Leave every entry as it is and write the data out in full.

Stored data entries
____________

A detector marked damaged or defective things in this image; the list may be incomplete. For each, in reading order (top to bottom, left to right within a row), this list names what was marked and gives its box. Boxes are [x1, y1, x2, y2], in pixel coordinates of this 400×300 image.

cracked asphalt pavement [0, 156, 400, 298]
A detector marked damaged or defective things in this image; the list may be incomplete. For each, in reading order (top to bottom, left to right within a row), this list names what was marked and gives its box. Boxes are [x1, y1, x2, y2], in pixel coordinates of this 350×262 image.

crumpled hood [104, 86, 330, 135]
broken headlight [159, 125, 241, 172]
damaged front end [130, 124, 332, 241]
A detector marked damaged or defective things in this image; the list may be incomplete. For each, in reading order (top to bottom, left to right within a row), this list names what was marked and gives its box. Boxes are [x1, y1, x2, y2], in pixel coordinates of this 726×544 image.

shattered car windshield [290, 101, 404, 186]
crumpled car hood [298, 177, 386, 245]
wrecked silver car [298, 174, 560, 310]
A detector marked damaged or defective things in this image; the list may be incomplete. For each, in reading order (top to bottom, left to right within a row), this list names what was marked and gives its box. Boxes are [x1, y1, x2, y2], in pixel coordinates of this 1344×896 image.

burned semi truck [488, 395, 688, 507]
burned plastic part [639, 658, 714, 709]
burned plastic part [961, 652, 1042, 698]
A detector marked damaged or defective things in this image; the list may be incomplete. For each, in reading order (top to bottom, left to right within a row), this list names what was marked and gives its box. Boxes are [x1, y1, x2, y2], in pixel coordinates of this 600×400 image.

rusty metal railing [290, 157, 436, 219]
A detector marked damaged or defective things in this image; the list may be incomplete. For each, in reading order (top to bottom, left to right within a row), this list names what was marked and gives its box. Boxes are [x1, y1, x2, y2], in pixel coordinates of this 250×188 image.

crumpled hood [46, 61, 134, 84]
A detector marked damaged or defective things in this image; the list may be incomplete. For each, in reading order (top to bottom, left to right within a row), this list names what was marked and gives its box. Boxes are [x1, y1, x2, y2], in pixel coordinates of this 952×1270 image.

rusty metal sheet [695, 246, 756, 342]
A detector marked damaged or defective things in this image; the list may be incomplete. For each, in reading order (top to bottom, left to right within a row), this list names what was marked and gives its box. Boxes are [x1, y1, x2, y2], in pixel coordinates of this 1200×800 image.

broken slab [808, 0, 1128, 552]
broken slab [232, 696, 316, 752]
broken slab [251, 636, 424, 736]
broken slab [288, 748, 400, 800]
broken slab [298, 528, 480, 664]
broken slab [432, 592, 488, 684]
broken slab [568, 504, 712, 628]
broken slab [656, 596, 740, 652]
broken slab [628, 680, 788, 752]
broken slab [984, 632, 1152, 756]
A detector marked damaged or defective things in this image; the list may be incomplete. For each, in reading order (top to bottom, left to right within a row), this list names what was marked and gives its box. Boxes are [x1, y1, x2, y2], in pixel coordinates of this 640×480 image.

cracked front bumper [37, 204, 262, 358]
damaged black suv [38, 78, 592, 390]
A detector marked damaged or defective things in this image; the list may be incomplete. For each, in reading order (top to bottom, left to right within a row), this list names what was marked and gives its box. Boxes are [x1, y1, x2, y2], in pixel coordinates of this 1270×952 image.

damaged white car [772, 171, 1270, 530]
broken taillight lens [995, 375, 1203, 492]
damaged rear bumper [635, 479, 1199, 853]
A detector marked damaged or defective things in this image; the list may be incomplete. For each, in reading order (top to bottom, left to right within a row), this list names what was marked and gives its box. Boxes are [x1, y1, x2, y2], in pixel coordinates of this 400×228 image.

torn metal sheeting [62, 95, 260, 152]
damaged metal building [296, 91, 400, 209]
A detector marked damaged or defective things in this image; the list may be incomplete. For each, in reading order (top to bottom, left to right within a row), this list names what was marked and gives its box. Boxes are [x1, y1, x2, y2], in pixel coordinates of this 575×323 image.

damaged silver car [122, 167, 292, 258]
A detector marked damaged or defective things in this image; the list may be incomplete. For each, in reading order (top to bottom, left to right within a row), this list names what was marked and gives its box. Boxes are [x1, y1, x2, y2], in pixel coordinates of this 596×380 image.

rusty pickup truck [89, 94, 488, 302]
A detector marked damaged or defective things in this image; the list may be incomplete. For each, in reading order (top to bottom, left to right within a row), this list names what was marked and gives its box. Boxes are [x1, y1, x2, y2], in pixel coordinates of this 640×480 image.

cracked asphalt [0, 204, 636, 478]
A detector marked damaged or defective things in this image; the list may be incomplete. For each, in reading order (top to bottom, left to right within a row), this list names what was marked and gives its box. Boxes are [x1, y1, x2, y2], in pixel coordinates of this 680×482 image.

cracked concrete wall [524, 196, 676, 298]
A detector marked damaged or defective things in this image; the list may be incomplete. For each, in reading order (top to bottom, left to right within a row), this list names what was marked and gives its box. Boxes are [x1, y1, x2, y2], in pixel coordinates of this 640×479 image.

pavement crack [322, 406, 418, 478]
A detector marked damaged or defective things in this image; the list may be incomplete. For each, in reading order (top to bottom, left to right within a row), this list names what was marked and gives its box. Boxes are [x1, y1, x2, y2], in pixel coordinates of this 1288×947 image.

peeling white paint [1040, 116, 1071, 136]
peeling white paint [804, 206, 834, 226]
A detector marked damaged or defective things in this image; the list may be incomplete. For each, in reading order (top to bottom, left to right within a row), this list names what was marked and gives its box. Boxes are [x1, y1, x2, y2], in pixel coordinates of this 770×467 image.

____________

§ Result of the exercise:
A detector marked damaged or defective things in this image; the list may be incomplete. For each, in reading order (top to bottom, left to right within a row), this list names what was marked and gives its box. Boxes are [x1, y1, x2, y2], in pixel coordinates of this 400×300 image.

cracked asphalt pavement [0, 156, 400, 298]
A detector marked damaged or defective things in this image; the list may be incomplete. For each, in reading order (top to bottom, left to right within a row), this list names what was marked and gives its box. Boxes are [x1, y1, x2, y2], in pixel coordinates of this 350×262 image.

crumpled hood [104, 86, 330, 135]
broken headlight [159, 125, 241, 172]
damaged front end [130, 124, 332, 241]
A detector marked damaged or defective things in this image; the list may be incomplete. For each, in reading order (top to bottom, left to right within a row), this list names what was marked and gives its box. Boxes are [x1, y1, x2, y2], in pixel coordinates of this 726×544 image.

shattered car windshield [290, 101, 404, 186]
crumpled car hood [298, 177, 386, 245]
wrecked silver car [298, 174, 560, 310]
A detector marked damaged or defective things in this image; the list may be incomplete. For each, in reading order (top to bottom, left to right within a row), this list names what was marked and gives its box. Boxes are [x1, y1, x2, y2], in pixel coordinates of this 1344×896 image.

burned semi truck [488, 395, 688, 507]
burned plastic part [639, 658, 714, 709]
burned plastic part [961, 652, 1042, 698]
A detector marked damaged or defective things in this image; the list may be incomplete. For each, in reading order (top to bottom, left to right within a row), this list names what was marked and gives its box. Boxes are [x1, y1, x2, y2], in pixel coordinates of this 600×400 image.

rusty metal railing [290, 157, 436, 219]
A detector marked damaged or defective things in this image; the list may be incomplete. For each, in reading order (top to bottom, left to right within a row), this list names what was marked and gives its box. Boxes are [x1, y1, x2, y2], in pixel coordinates of this 250×188 image.

crumpled hood [46, 61, 134, 84]
A detector marked damaged or defective things in this image; the list may be incomplete. For each, in reading order (top to bottom, left to right within a row), this list names what was marked and gives its box. Boxes are [x1, y1, x2, y2], in pixel coordinates of this 952×1270 image.

rusty metal sheet [695, 246, 756, 342]
A detector marked damaged or defective things in this image; the list may be incomplete. For each, in reading order (top to bottom, left to right within a row), this list names what was marked and gives its box. Boxes are [x1, y1, x2, y2], in pixel coordinates of this 1200×800 image.

broken slab [808, 0, 1128, 552]
broken slab [232, 696, 316, 752]
broken slab [251, 636, 424, 736]
broken slab [288, 748, 400, 800]
broken slab [298, 528, 480, 664]
broken slab [432, 592, 488, 684]
broken slab [568, 504, 712, 628]
broken slab [656, 596, 740, 652]
broken slab [628, 680, 788, 752]
broken slab [984, 632, 1152, 756]
A detector marked damaged or defective things in this image; the list may be incomplete. For each, in reading order (top to bottom, left to right within a row), this list names what was marked and gives its box. Boxes are [x1, y1, x2, y2], in pixel coordinates of this 640×480 image.

cracked front bumper [37, 204, 262, 358]
damaged black suv [38, 78, 592, 390]
A detector marked damaged or defective things in this image; the list may be incomplete. For each, in reading order (top to bottom, left to right within a row), this list names what was marked and gives its box. Boxes are [x1, y1, x2, y2], in pixel coordinates of this 1270×952 image.

damaged white car [772, 171, 1270, 530]
broken taillight lens [995, 375, 1203, 492]
damaged rear bumper [635, 479, 1199, 853]
A detector marked damaged or defective things in this image; the list may be incomplete. For each, in reading order (top to bottom, left to right within a row), this list names what was marked and gives its box. Boxes are [x1, y1, x2, y2], in pixel coordinates of this 400×228 image.

torn metal sheeting [62, 95, 260, 152]
damaged metal building [296, 91, 400, 209]
A detector marked damaged or defective things in this image; the list may be incomplete. For each, in reading order (top to bottom, left to right within a row), this list names what was marked and gives its box. Boxes are [x1, y1, x2, y2], in pixel coordinates of this 575×323 image.

damaged silver car [122, 167, 292, 258]
A detector marked damaged or defective things in this image; the list may be incomplete. For each, in reading order (top to bottom, left to right within a row), this list names what was marked and gives its box. Boxes are [x1, y1, x2, y2], in pixel coordinates of this 596×380 image.

rusty pickup truck [89, 94, 488, 302]
A detector marked damaged or defective things in this image; the list may be incomplete. For each, in reading order (top to bottom, left to right within a row), this list names what was marked and gives its box. Boxes are [x1, y1, x2, y2], in pixel coordinates of this 640×480 image.

cracked asphalt [0, 204, 636, 478]
A detector marked damaged or defective things in this image; the list may be incomplete. For each, in reading order (top to bottom, left to right within a row), this list names what was marked and gives its box. Boxes are [x1, y1, x2, y2], in pixel coordinates of this 680×482 image.

cracked concrete wall [524, 196, 676, 298]
A detector marked damaged or defective things in this image; the list may be incomplete. For each, in reading order (top to bottom, left to right within a row), this list names what was marked and gives its box. Boxes are [x1, y1, x2, y2], in pixel coordinates of this 640×479 image.

pavement crack [322, 406, 418, 478]
A detector marked damaged or defective things in this image; the list may be incomplete. For each, in reading order (top to bottom, left to right within a row), this list names what was marked and gives its box. Boxes are [x1, y1, x2, y2], in pixel coordinates of this 1288×947 image.

peeling white paint [1040, 116, 1071, 136]
peeling white paint [804, 206, 834, 226]
A detector marked damaged or defective things in this image; the list may be incomplete. For each, in reading order (top to bottom, left to right within a row), this list names what was marked and gives its box. Boxes are [x1, y1, x2, y2], in pixel coordinates of this 770×467 image.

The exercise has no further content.